EXERCISE INSTRUCTIONS – Below, find the line containing "live sex cam" and the line containing "Property photo 38"; reproduce exactly those two and every line between them, omitting pictures.
LISTED RECORDS Block Start
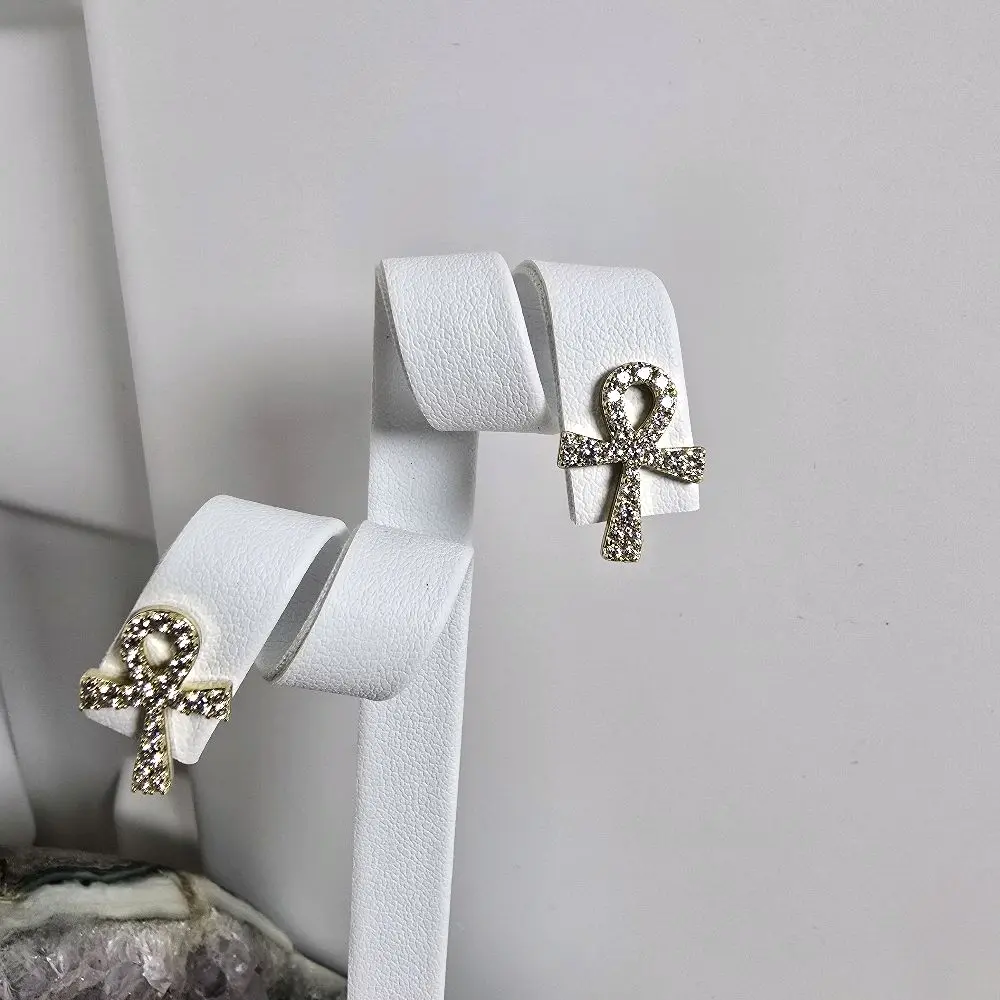Elegant Rhinestone Bow Stud Earrings for Women - Fashionable and Stylish Accessory for Any Occasion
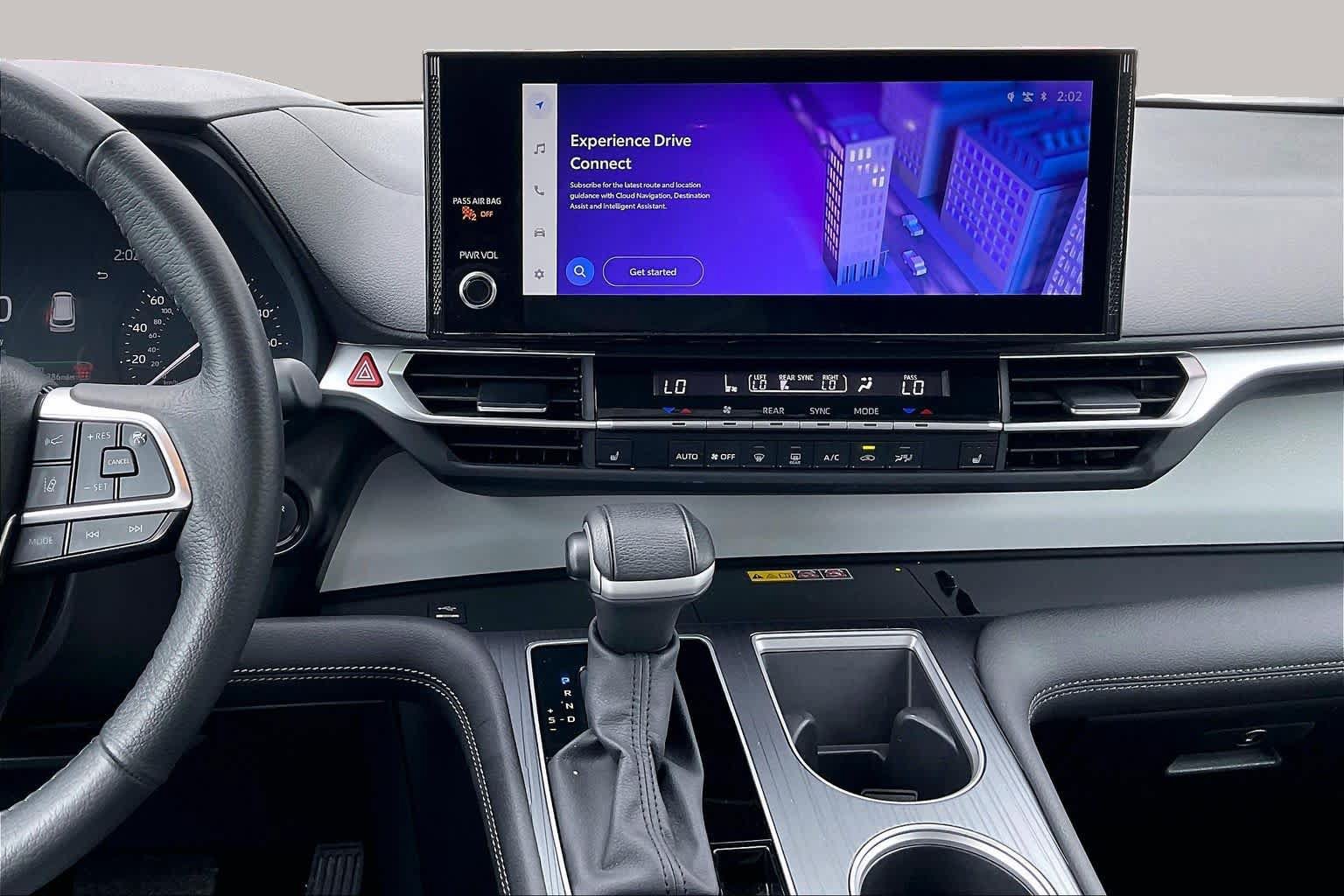 Used 2025 Toyota Sienna XLE FWD image 7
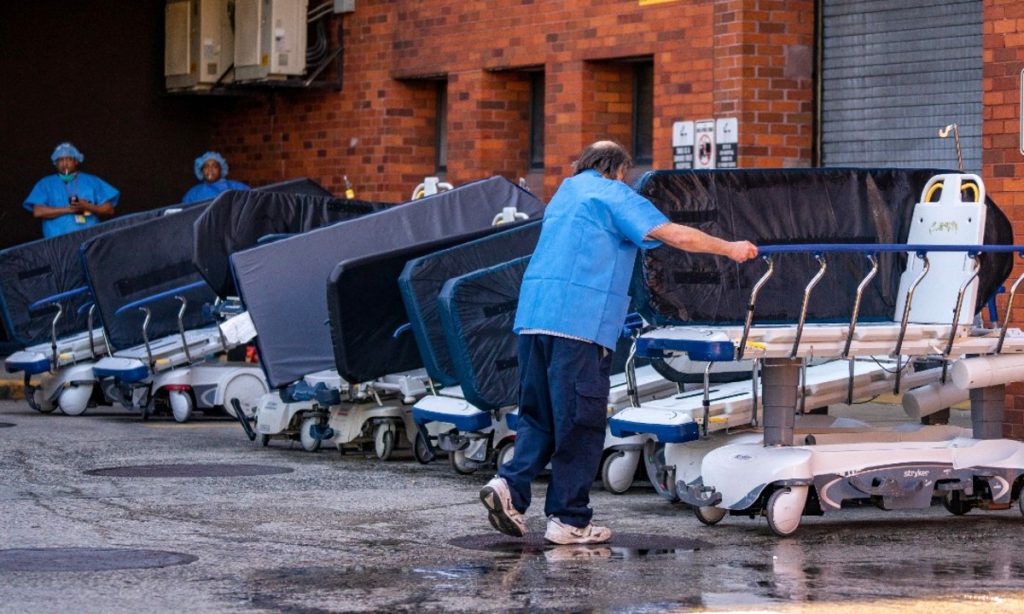 Mortos pela covid-19 nos EUA passam de 30 mil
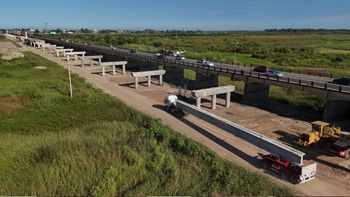 El nuevo Puente Carretero recibió la primera viga fabricada en Santa Fe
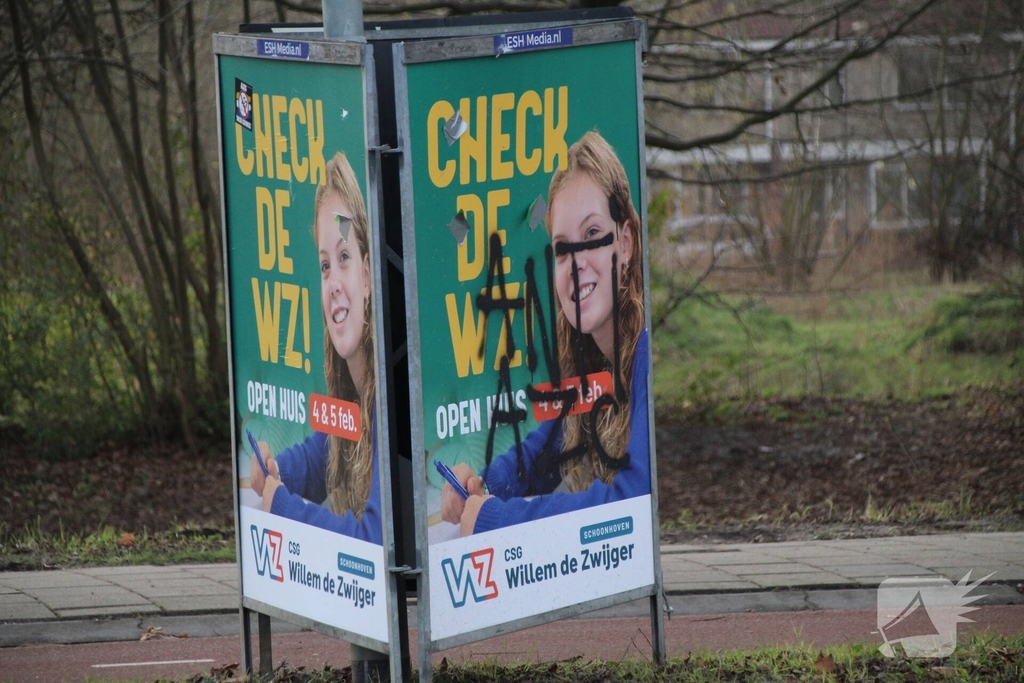 Bekladdingen op woningen en borden tegen het AZC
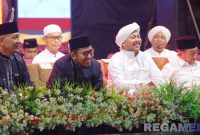 Caption: Bupati Sumenep Achmad Fauzi berdampingan dengan Gus Khoiron Zaini pimpinan majelis pemuda bersholawat At-Taufiq, (sumber foto: Sumenep.go.id). 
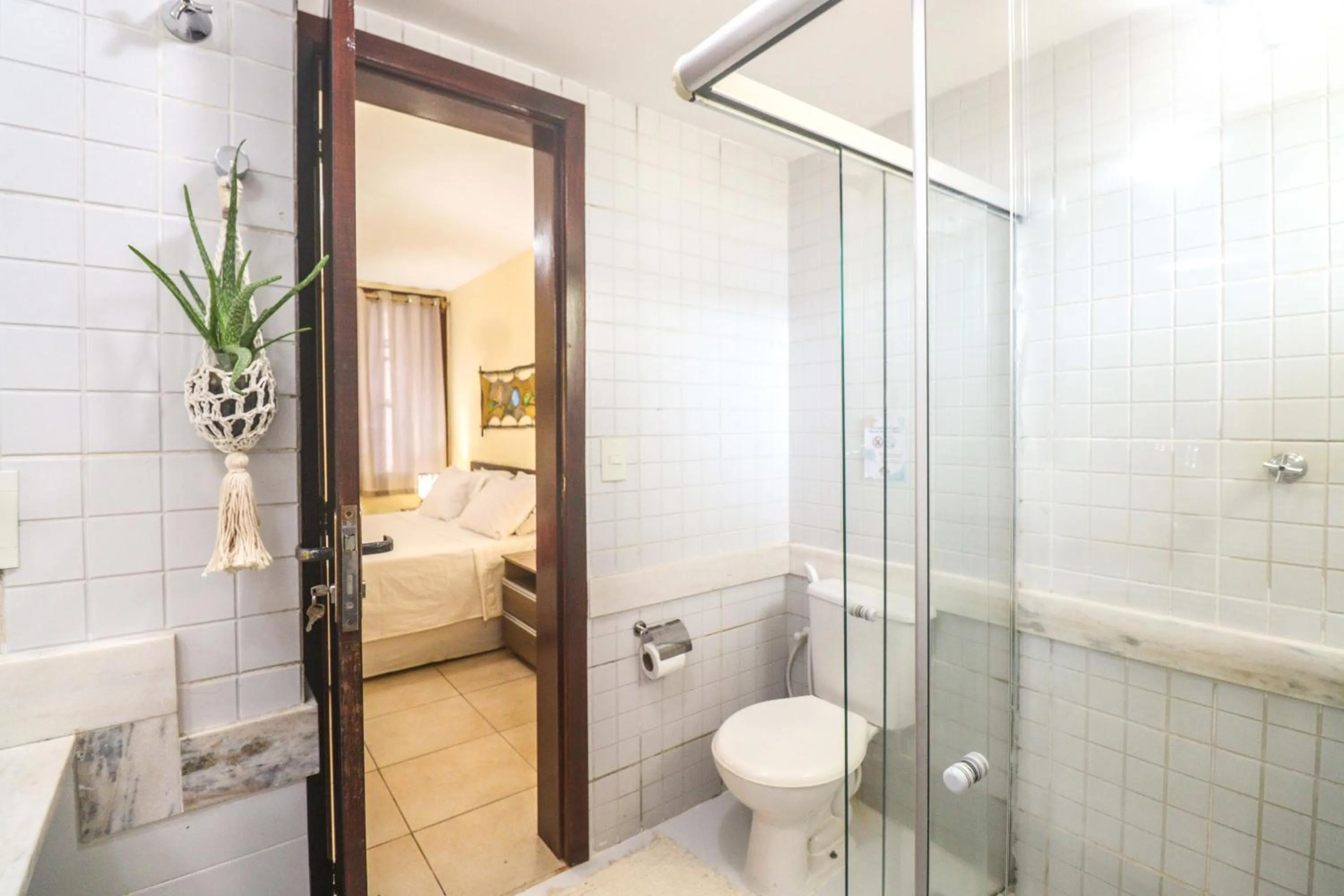 Bathroom in Solar Pipa by Pipa Centro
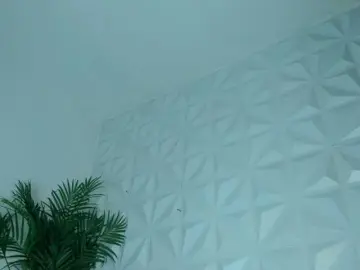 Hellen-Sky  live sex cam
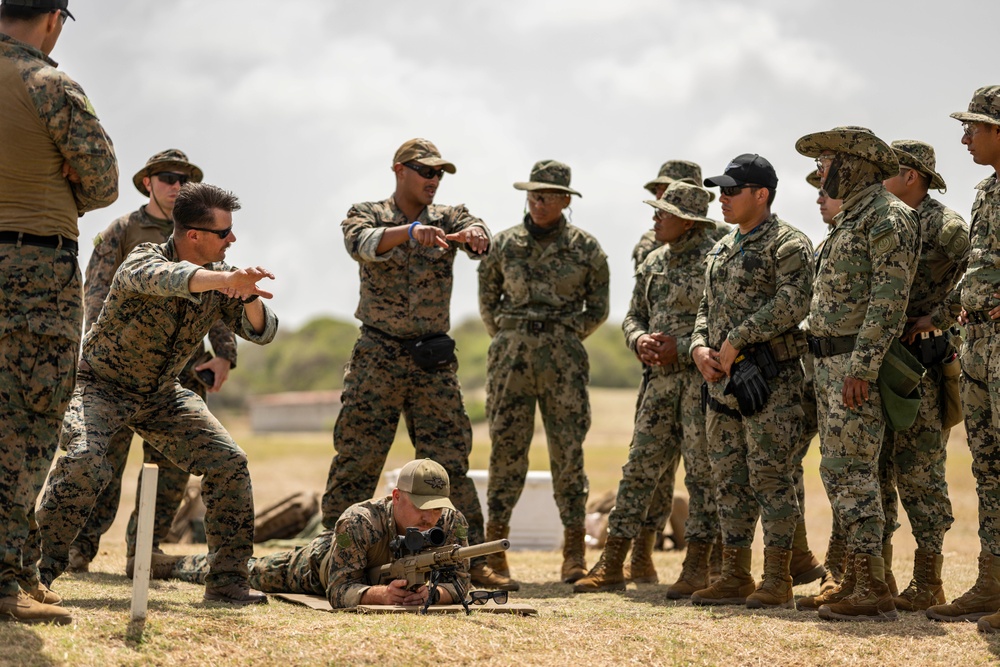 4th Reconnaissance Battalion share marksmanship expertise with members of the Mexican marines at TRADEWINDS 24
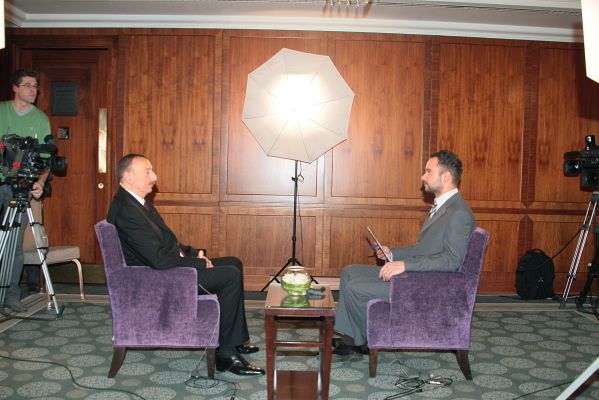 Президент Ильхам Алиев: "Азербайджан хочет стать ближе к Европейскому Союзу" - ИНТЕРВЬЮ - ФОТО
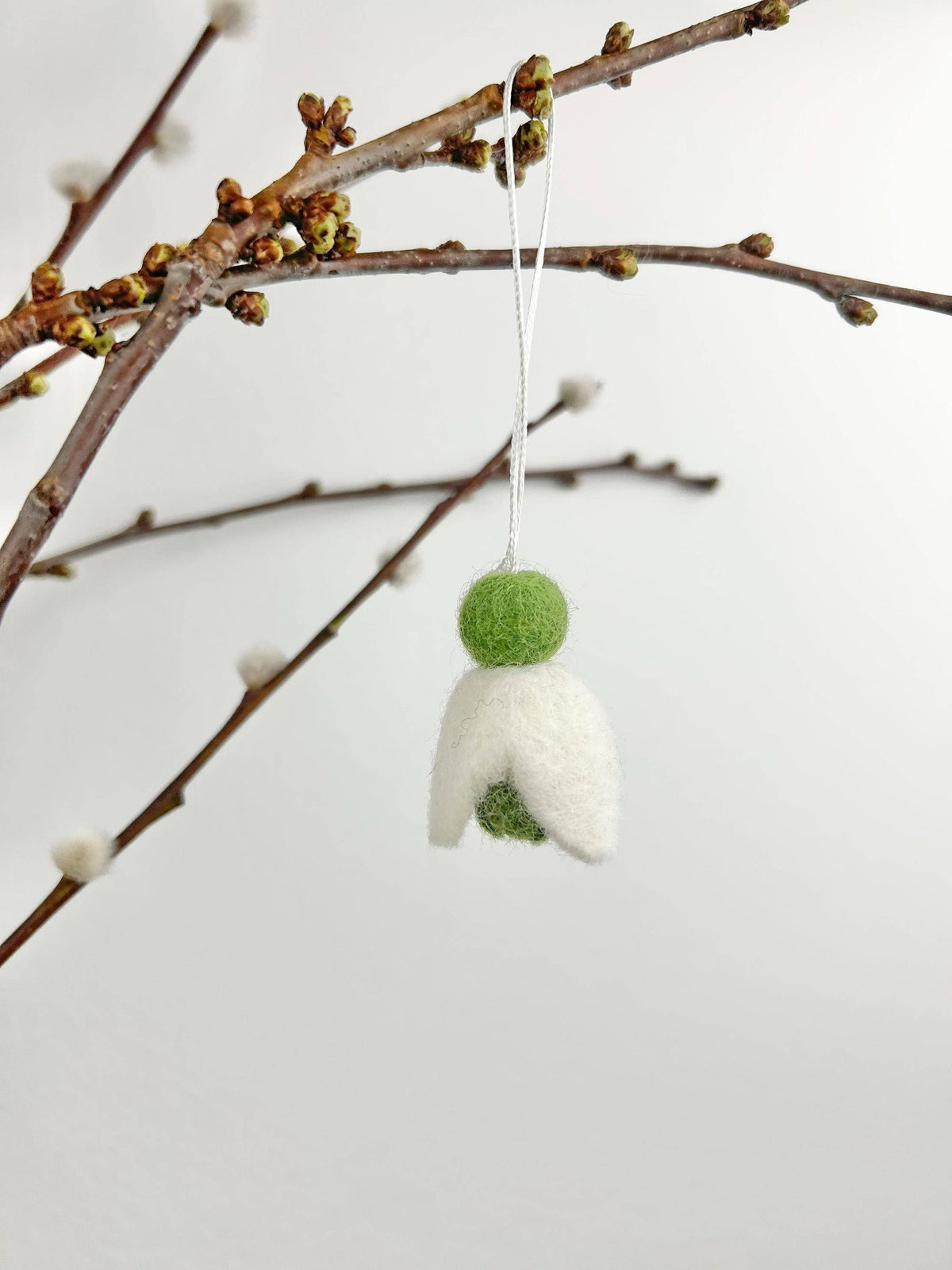 Filzanhänger Schneeglöckchen von Nacha Interior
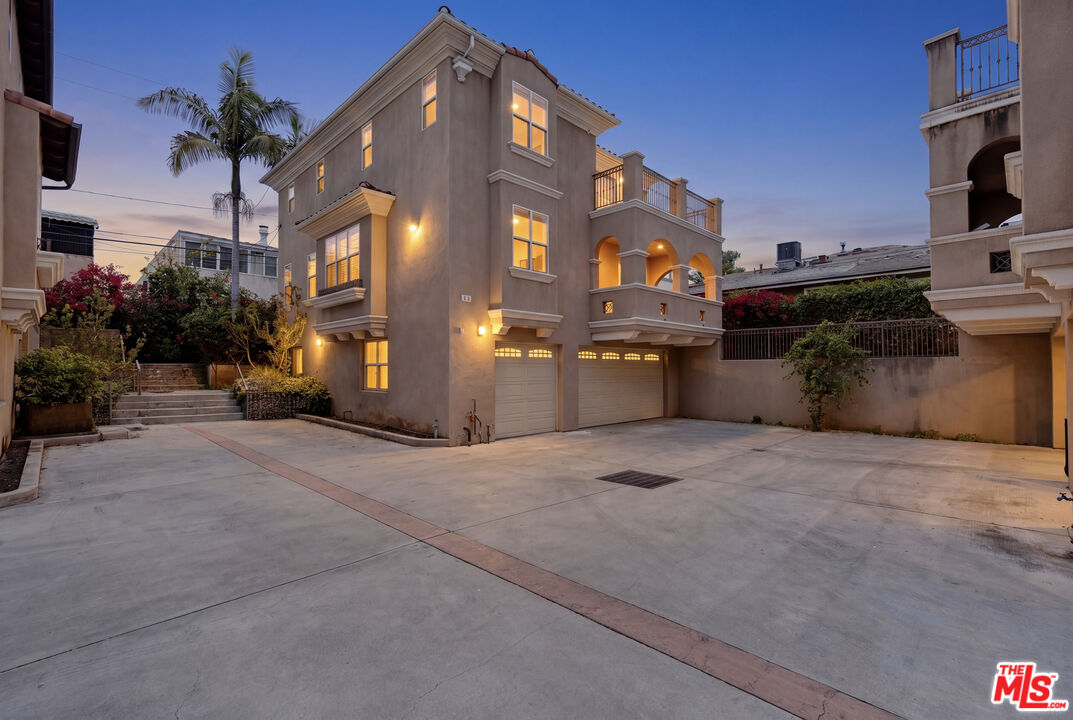 Property photo 38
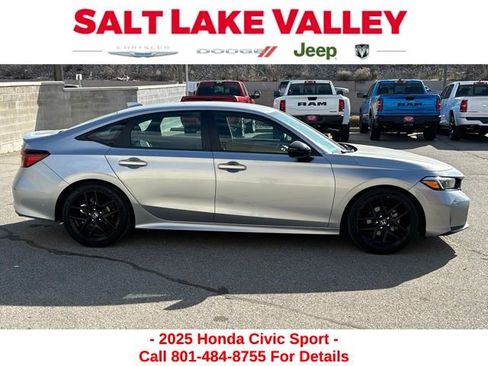 Used 2025 Honda Civic Sport image 4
LISTED RECORDS Block End
THE ANSWER –
 Hellen-Sky  live sex cam
 4th Reconnaissance Battalion share marksmanship expertise with members of the Mexican marines at TRADEWINDS 24
 Президент Ильхам Алиев: "Азербайджан хочет стать ближе к Европейскому Союзу" - ИНТЕРВЬЮ - ФОТО
 Filzanhänger Schneeglöckchen von Nacha Interior
 Property photo 38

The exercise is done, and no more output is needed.